Опубликовано в журнале Знамя, номер 5, 2004
Премия имени Аполлона Григорьева, учрежденная профессиональными критиками — членами Академии русской современной словесности, присуждается за лучшее оригинальное произведение минувшего года, написанное и опубликованное на русском языке. За шесть лет лауреатами Большой премии стали Иван Жданов (1997), Юрий Давыдов (1998), Виктор Соснора (1999), Вера Павлова (2000), Андрей Дмитриев (2001), Марина Вишневецкая (2002), а звания лауреатов были также удостоены Виталий Кальпиди, Ирина Поволоцкая, Виктор Астафьев, Юрий Буйда, Светлана Кекова, Геннадий Русаков, Николай Кононов, Алан Черчесов, Леонид Зорин, Ольга Славникова, Сергей Гандлевский, Андрей Геласимов.
Жюри академической премии, куда входили в этот раз Павел Басинский, Александр Генис, Наталья Иванова, Валентин Курбатов и Самуил Лурье, назвало лауреатами 2003 года Юрия Арабова с романом “Биг-бит”, С. Витицкого с романом “Бессильные мира сего” и Виктора Пелевина с книгой прозы “Диалектика переходного периода (из ниоткуда в никуда)”.
Мы публикуем высказывания номинаторов и лауреатов премии, прозвучавшие на торжественной церемонии 18 февраля 2004 года в Овальном зале Всероссийской библиотеки иностранной литературы имени Рудомино, и напоминаем, что лауреатом Большой академической премии 2003 года стал Юрий Арабов.
Роман Арбитман
Попадание в шорт-лист Григорьевки нового романа фантаста С. Витицкого для его номинатора — событие приятное, невероятное и даже слегка пугающее: так путник, устало бредущий по пустыне, внезапно обнаруживает вместо очередного бархана работающий автомат с газировкой, и потом еще долго трясет головой, опасаясь фата-морганы. Однако “Бессильные мира сего” — в финале. Факт бесспорный.
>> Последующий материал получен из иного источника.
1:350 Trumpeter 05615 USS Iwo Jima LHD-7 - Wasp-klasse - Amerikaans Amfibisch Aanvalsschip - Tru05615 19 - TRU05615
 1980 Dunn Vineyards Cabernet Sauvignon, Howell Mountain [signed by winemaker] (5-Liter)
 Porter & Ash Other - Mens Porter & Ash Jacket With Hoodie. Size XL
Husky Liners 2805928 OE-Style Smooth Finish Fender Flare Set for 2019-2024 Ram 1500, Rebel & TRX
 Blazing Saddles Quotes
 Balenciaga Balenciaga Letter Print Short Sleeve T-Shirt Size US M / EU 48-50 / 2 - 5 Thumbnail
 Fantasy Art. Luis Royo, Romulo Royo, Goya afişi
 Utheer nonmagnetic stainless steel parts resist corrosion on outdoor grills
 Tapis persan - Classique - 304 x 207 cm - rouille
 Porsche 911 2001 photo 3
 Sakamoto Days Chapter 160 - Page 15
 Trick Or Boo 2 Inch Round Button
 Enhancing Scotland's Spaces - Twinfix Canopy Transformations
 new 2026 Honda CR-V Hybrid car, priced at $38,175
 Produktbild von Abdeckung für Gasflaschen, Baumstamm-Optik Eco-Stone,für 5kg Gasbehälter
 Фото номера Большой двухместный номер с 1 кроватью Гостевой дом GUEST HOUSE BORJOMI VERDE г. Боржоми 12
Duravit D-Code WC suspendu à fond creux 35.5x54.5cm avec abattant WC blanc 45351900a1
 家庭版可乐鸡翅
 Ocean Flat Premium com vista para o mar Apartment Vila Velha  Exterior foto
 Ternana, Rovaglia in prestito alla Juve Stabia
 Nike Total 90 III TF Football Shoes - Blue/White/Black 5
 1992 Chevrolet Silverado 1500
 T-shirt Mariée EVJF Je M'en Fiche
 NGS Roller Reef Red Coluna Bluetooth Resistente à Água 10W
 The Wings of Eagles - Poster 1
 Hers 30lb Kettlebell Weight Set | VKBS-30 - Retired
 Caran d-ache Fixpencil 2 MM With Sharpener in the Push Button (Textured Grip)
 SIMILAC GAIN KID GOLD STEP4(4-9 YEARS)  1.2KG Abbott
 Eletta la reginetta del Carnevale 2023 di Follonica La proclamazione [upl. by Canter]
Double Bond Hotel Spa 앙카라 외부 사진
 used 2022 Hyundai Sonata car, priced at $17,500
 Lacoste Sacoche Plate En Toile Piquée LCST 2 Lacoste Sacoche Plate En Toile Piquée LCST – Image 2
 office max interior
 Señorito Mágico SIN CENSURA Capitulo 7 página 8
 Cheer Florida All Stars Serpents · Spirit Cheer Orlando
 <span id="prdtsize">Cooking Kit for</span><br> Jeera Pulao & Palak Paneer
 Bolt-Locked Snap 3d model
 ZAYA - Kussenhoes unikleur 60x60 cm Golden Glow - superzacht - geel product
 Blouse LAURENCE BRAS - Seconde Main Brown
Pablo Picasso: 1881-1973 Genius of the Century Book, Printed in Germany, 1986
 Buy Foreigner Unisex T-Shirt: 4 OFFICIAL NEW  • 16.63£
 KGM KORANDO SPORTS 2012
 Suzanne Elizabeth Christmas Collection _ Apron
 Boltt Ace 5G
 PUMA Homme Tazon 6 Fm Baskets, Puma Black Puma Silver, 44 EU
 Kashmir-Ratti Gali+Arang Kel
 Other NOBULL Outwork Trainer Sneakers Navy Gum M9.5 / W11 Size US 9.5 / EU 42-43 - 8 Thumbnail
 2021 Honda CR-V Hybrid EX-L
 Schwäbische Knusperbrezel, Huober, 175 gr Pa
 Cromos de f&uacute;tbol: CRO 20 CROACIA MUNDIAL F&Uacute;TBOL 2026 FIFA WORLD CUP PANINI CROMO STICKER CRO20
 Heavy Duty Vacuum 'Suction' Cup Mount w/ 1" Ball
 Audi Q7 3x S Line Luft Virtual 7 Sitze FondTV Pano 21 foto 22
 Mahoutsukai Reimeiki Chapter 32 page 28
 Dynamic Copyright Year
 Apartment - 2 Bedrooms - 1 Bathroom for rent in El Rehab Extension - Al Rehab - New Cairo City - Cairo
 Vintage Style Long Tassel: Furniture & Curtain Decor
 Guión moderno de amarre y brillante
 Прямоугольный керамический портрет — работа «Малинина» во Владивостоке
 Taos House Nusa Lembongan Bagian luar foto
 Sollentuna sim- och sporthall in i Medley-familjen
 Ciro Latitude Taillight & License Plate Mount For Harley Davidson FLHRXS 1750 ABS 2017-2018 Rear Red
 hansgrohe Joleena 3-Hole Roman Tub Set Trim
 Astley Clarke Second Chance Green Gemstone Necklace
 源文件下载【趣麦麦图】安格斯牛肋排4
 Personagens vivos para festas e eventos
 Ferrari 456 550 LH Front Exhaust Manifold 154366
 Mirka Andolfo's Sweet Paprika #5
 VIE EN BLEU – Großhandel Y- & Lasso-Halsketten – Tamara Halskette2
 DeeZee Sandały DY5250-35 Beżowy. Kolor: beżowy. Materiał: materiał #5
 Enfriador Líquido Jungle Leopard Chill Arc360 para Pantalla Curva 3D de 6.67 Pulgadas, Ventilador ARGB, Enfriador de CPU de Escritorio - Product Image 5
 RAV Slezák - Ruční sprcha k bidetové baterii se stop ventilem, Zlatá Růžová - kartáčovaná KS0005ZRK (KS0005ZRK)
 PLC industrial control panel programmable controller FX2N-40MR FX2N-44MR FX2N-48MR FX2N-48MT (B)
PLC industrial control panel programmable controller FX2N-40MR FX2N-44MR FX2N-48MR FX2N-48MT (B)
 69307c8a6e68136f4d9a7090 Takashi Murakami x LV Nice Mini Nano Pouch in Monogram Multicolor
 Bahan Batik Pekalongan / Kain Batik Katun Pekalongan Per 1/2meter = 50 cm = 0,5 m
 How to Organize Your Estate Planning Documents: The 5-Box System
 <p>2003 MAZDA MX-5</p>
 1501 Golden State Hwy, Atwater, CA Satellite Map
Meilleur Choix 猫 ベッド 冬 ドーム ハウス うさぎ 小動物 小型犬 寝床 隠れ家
Это означает, что почтенное жюри не то закрыло глаза на принадлежность книги к жанру-изгою, не то вдруг прозрело, поняв, что если книга фигурирует в первых строках рейтинга продаж, это еще не обязательно Донцова или поваренная книга…
А теперь к делу. Чисто формально С. Витицкий — писатель начинающий, поскольку “Бессильные” — лишь вторая по счету его книга. Фактически же автор — знаменитый мэтр, чье имя всем известно, а потому невозможно рассматривать его роман вне связи с предыдущим творчеством братьев Аркадия и Бориса Стругацких. Более того: рискну предположить, что вся история гуру Стэна Агрэ, отважно пестующего целый выводок людей с феноменальными способностями, есть развитие на новом этапе и, если угодно, драматизация важнейшей для Стругацких темы взаимоотношений Учителя с учениками. Тема была заявлена еще в раннем романе “Возвращение”, мерцала все эти годы в “Парне из преисподней”, “Жуке в муравейнике”, “Отягощенных злом” и, конечно, в “Гадких лебедях”, где таинственные мокрецы превращали талантливых детишек в посланцев светлого будущего. Однако за три с лишним десятилетия, отделяющие “Лебедей” от нынешнего романа, прежний романтический оптимизм образца 60-х значительно повыветрился. Тогда все казалось просто: люди мезозоя — все эти шефы с заскорузлыми мозгами и референты с повадками убийц, все эти дубинноголовые стукачи и каменные задницы — уйдут в прошлое сами собой. Сгинут, как жуткий морок. Вымрут, оставив мир добрым и талантливым магам, для которых “понедельник начинается в субботу”.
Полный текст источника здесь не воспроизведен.